Model-backed tests must be opt-in by environment detection. A missing credential should mark the lane skipped or not scheduled, not silently pass a test that claims provider coverage.

Transport-Mux Lane Split

Transport-mux scenarios must be split across both lanes instead of hidden inside broad mux smoke tests.

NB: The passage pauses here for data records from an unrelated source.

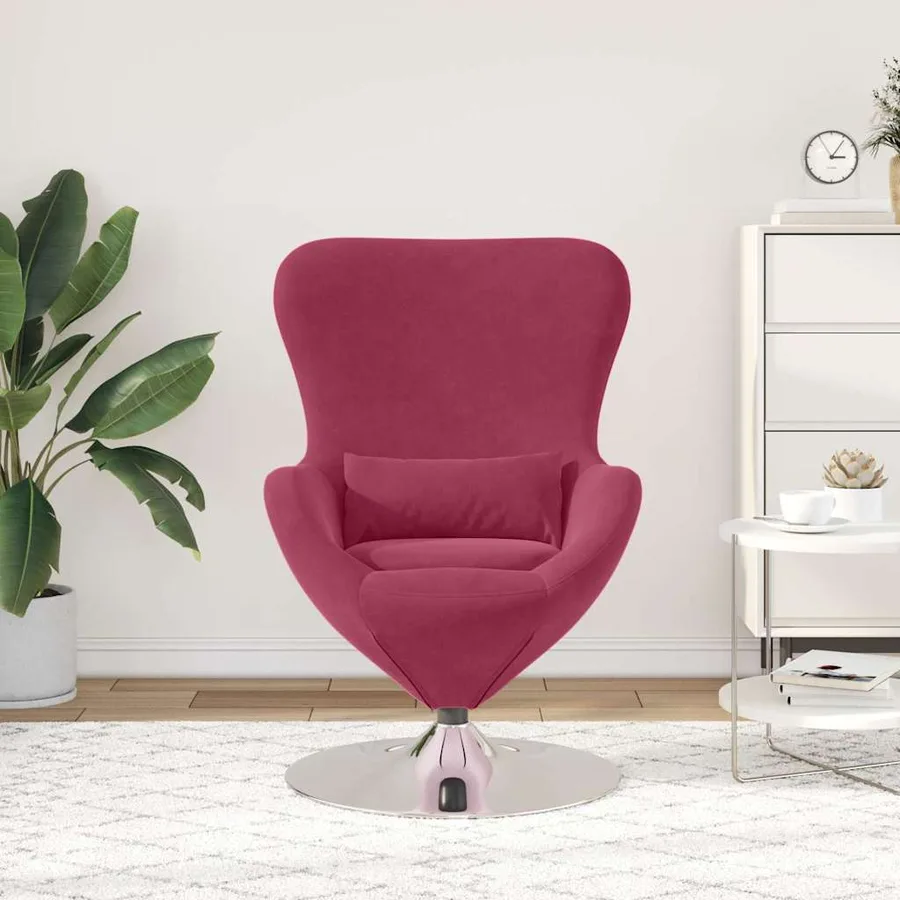Fauteuil œuf Bordeaux Velours - 3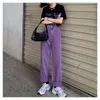 Pantalon femme s violet mode Y2K décontracté automne coréen Jogger ajustement serré velours côtelé pantalon droit dames poche taille haute 230901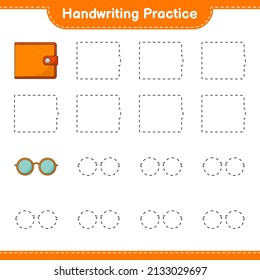Práctica de escritura a mano. Rastreo de líneas de cartera y gafas de sol. Juego infantil educativo, hoja de cálculo imprimible, ilustración vectorial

Scenario	Lane	Why it belongs there
Route/codec matrix for supported transports	No-model	A fixture completion engine can prove request parsing, response envelopes, streaming shape, auth errors, invalid JSON, and token-count behavior deterministically
Runtime lifecycle and env injection	No-model	Local ports and redacted env diffs do not require provider credentials
Agent-mux launch proxy decision	No-model	`resolveLaunchPlan` can prove proxy forced/if-needed/native/forbidden behavior with fixture provider configs
Agent-core through transport-mux	Both	Fixture stream belongs in no-model; live provider stream belongs in model-backed when credentials exist
External harness through agent-mux proxy	Model-backed	Only a real harness plus provider credential can prove the harness actually consumes the proxy env and completes a sentinel stream
Passthrough upstream bridge	No-model first, model-backed optional	Path/query/auth/error mapping is deterministic with a fixture upstream; live passthrough only adds value for provider-specific drift

Required Labels

Every test file or workflow job should map to one of these labels:

lane:no-model
lane:model-backed
scope:unit
scope:contract
scope:integration
scope:e2e
scope:release-gate

These labels can start as workflow/job names and test descriptions. They only need to become machine-readable once the first implementation slice adds the new runners.

Lane Ownership

Lane	Primary owner	Required reviewer	Failure triage clock
No-model package and contract tests	Owning package maintainer	Adjacent package maintainer when a boundary contract changes	Same business day for PR failures
No-model UI and CLI smoke	Surface owner	Runtime maintainer when session behavior changes	Same business day for PR failures
Model-backed harness smoke	Harness maintainer	CI maintainer for secret and runner changes	Next business day for scheduled failures; immediate for staging/release failures
Model-backed runtime smoke	Runtime maintainer	Harness and mux maintainers	Immediate for staging/release failures
Coverage/reporting	CI maintainer	Package owner when thresholds change	Same business day for blocking report failures

Admission Criteria

A test may enter the no-model lane when it has deterministic fixtures, no provider credentials, bounded runtime, and a package owner.

A test may enter the model-backed lane when it has explicit credential gates, redacted artifacts, a live behavior that mocks cannot prove, a retry policy, and an owner for provider-specific failures.